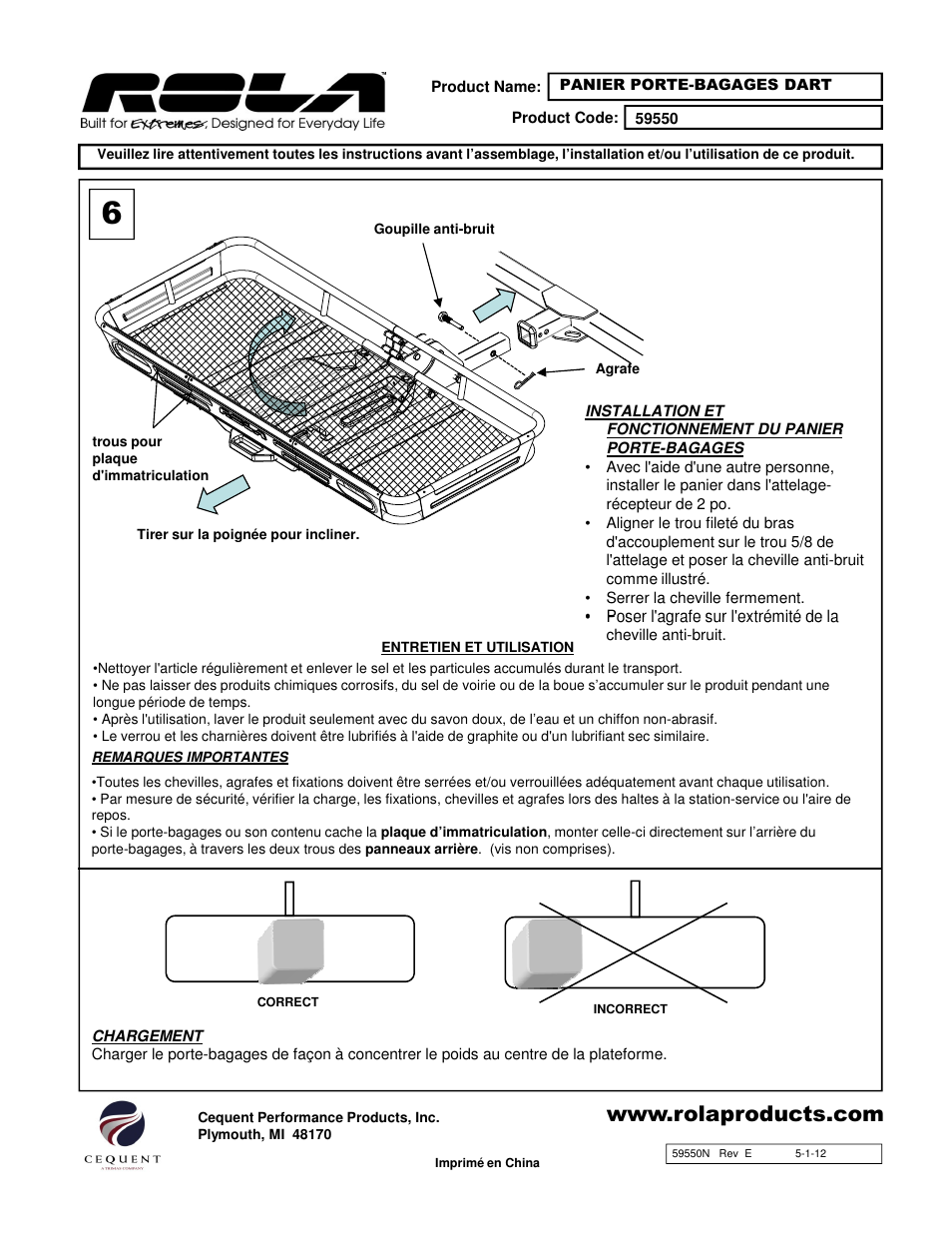 Draw-Tite 59550 CARGO CARRIER - PREMIUM FOLDING User Manual | Page 8 / 12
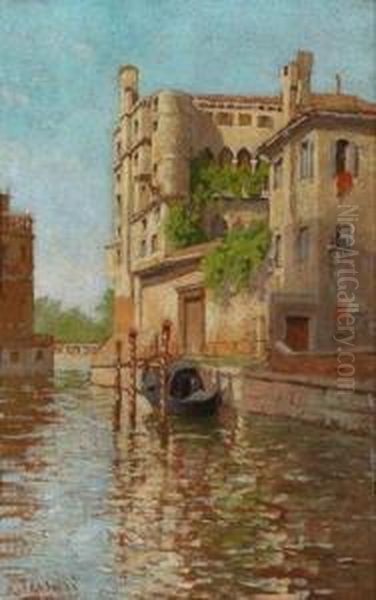 Kanal In Venedig Oil Painting by Romolo Tessari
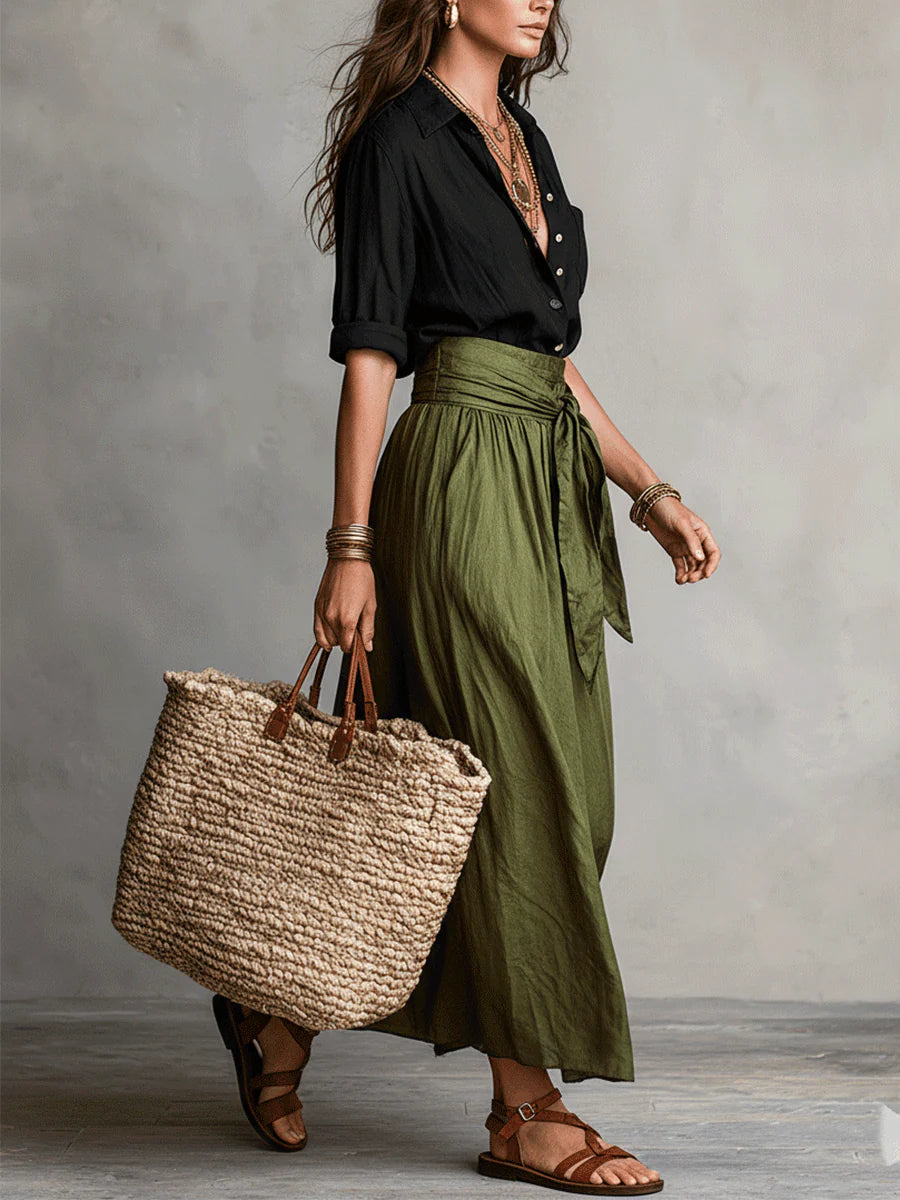Ava | Tie-Waist Midi Set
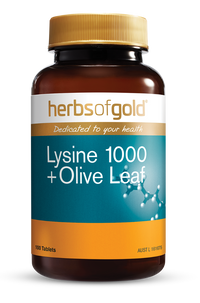 Herbs Of Gold Lysine 1000 + Olive Leaf
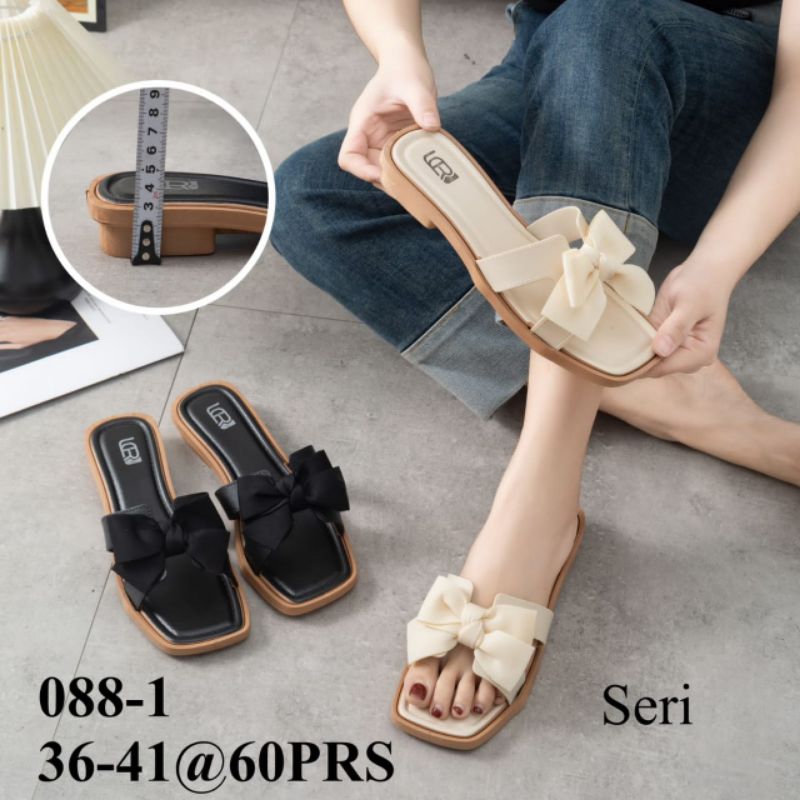 Sandal jelly karet wanita model slop pita murah LCR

* * *

• Activity: Every record above must be copied exactly; none of the pictures belong in the copy.

• Output of the task:
 Draw-Tite 59550 CARGO CARRIER - PREMIUM FOLDING User Manual | Page 8 / 12
 Kanal In Venedig Oil Painting by Romolo Tessari
Ava | Tie-Waist Midi Set
 Herbs Of Gold Lysine 1000 + Olive Leaf
 Sandal jelly karet wanita model slop pita murah LCR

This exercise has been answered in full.